## Exercise brief
Once the line with "Photo 9 of Unit" has been located in the records below, set down that line and all subsequent lines exactly, omitting the pictures.

+++

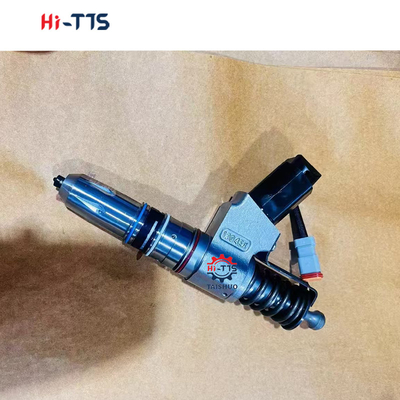 Hoge kwaliteit dieselinjector 3411767 voor N14-motor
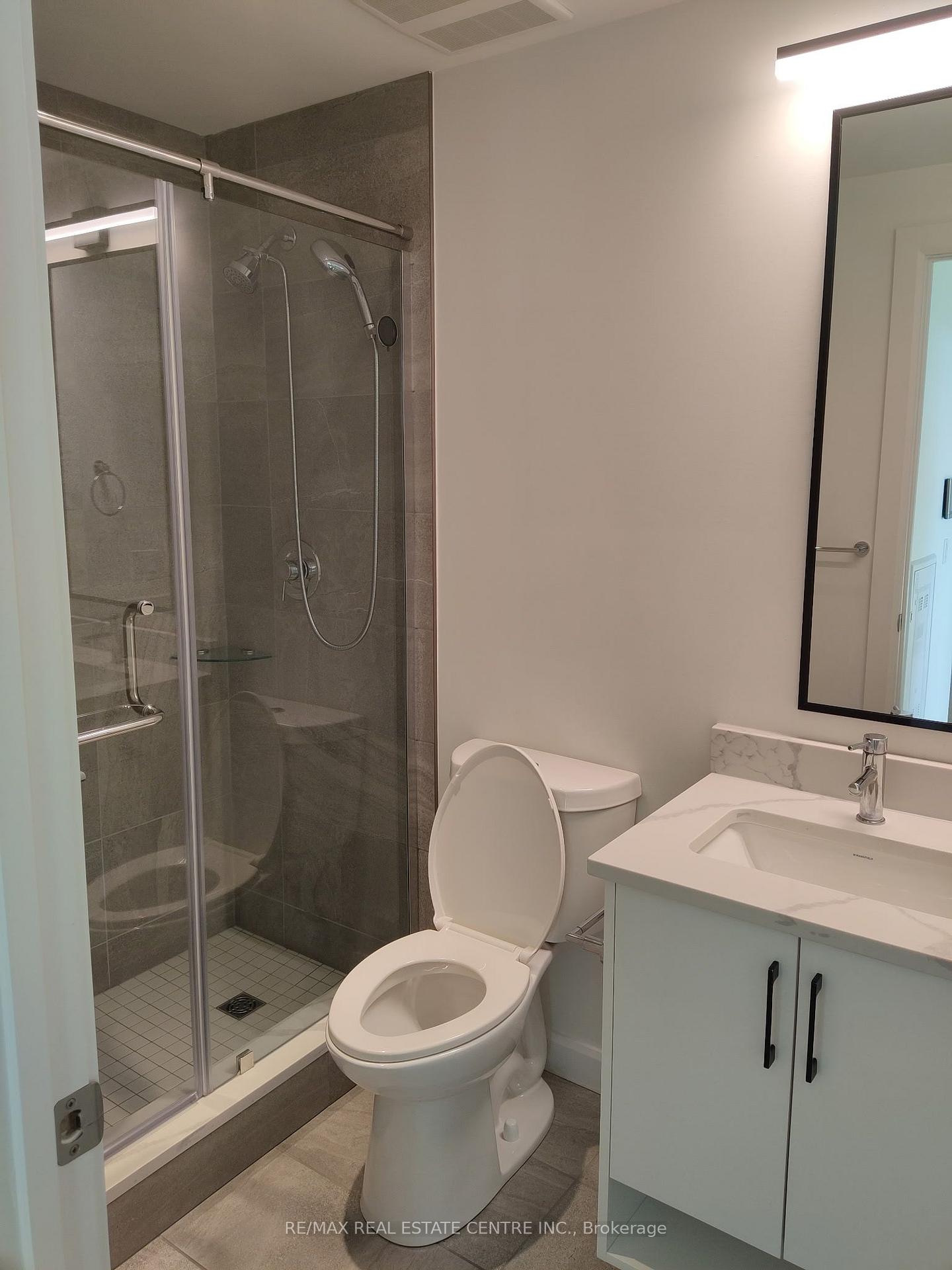 Photo 9 of Unit 508, 741 king Street W, Kitchener, KW Hospital — HOMEH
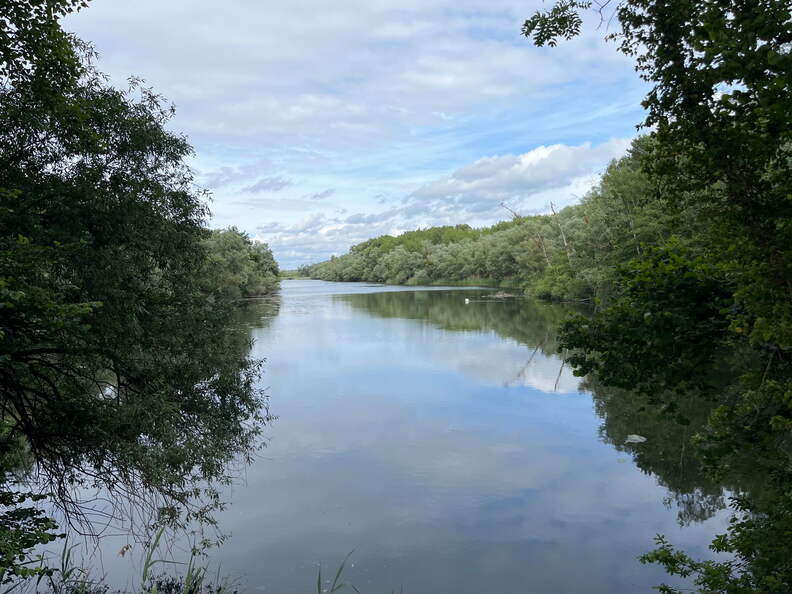 22-05-27 16-33-18 0915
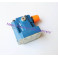 New REXROTH valve DB10-2-52/50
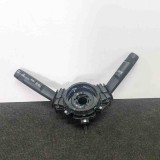 Maneta semnalizare ștergătoare CHEVROLET MALIBU V300 2014 OEM: 20921699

+++

## Answer to the exercise
 Photo 9 of Unit 508, 741 king Street W, Kitchener, KW Hospital — HOMEH
 22-05-27 16-33-18 0915
 New REXROTH valve DB10-2-52/50
 Maneta semnalizare ștergătoare CHEVROLET MALIBU V300 2014 OEM: 20921699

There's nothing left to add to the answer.